1. How to properly do cross-platform, high-performance two-way synced folders between host and guest. Most providers only support one-way syncing. Virtualbox has shared folders, but their performance is pretty lousy and they have issues with relative symlinks. In fact, I still don't fully know what the correct setup is for a dev environment where the files are edited on the host and the guest immediately picks up on them...

2. This idea that with vagrant you'll never again say "It works on my machine" is a lie. So many inconsistencies between Vagrant on Windows, Linux and macOS. Internet connection sharing, line endings issues, symlinking issues, ...

If anyone wants to see how we're using Vagrant:

https://github.com/hearthsim/hearthsim-vagrant

I don't want to make it sound like Vagrant isn't solving a real problem though, it is. It's just not the unicorn it claims to be.




The same is true for cross-platform Docker.

1. On macOS, host FS volumes are two magnitudes slower. There are a series of hacks that try to mitigate this problem and progress has been made, but it’s still too slow for a dev environment. Linux doesn’t have this problem. I don’t know about Windows.

2. Also on macOS, the host networking bridge doesn’t work the same way it works on Linux. There’s a different hostname that’s used to access the host from within the container that’s inconsistent with Docker on Linux.

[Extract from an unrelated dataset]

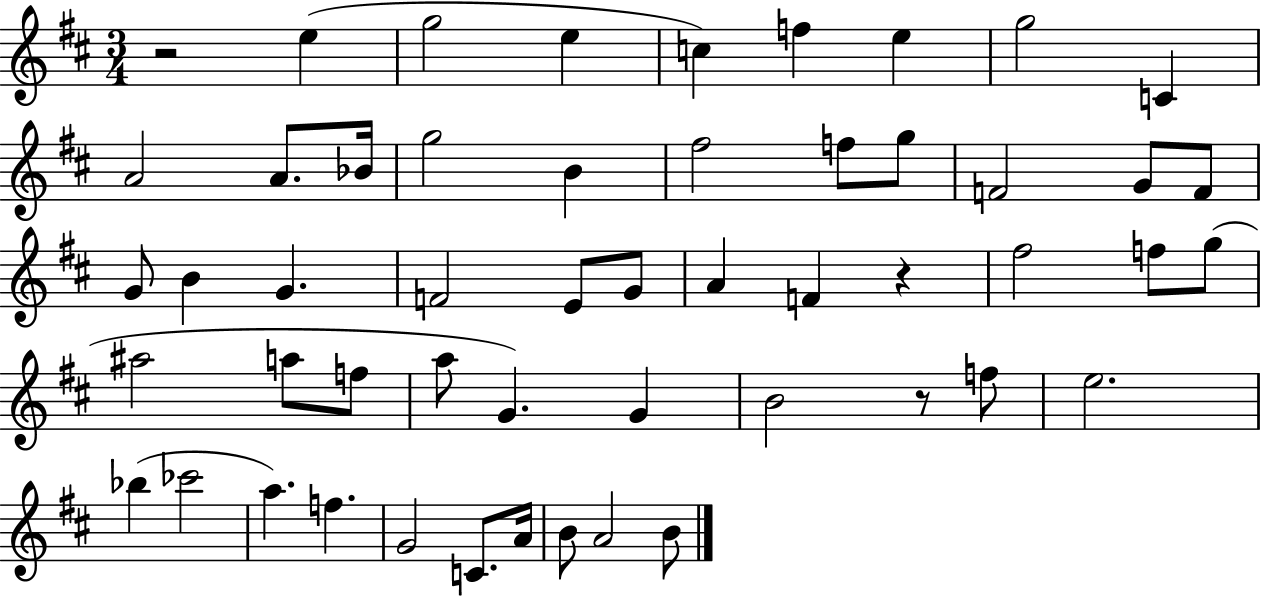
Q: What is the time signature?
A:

Docker is working through these issues, but they’ve been ongoing for years.

I’ve written about Docker dev macOS environments at bradgessler.com, but have given up mostly because FS performance is so poor. Now I spin up what I call “Dockerish” dev environments where my service dependencies run in Docker and the app runs on my host.


Regarding 1), Docker implemented a cached volume mount option to mitigate the performance issues on MacOS [1], but last time I tried it, file system events stopped working. I'm not sure if this is an inherent limitation or if it's something specific to my environment. I'd appreciate if someone more knowledgeable could clarify.

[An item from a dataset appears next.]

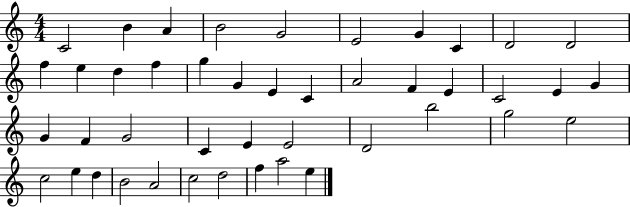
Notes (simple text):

C4/h B4/q A4/q B4/h G4/h E4/h G4/q C4/q D4/h D4/h F5/q E5/q D5/q F5/q G5/q G4/q E4/q C4/q A4/h F4/q E4/q C4/h E4/q G4/q G4/q F4/q G4/h C4/q E4/q E4/h D4/h B5/h G5/h E5/h C5/h E5/q D5/q B4/h A4/h C5/h D5/h F5/q A5/h E5/q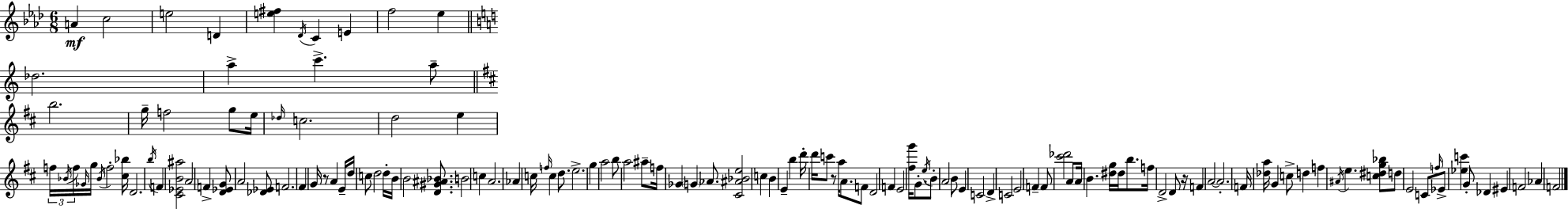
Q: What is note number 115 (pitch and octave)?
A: EIS4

As for Windows, it doesn't have the same fs performance issues on volume mounts, but AFAIK file system events have never worked there [2].

My current reluctant compromise to make volume mounts work seamlessly across platforms is to use polling instead of relying on file system events. That way I can turn on caching on Docker for Mac, and everything just works. The downside is of course polling is inefficient, but I've found when you take care to exclude all non-source directories from the polling, it's usually not as bad as you'd think.

[1] https://docs.docker.com/docker-for-mac/osxfs-caching/#tuning...

[2] https://github.com/docker/for-win/issues/56#issuecomment-242...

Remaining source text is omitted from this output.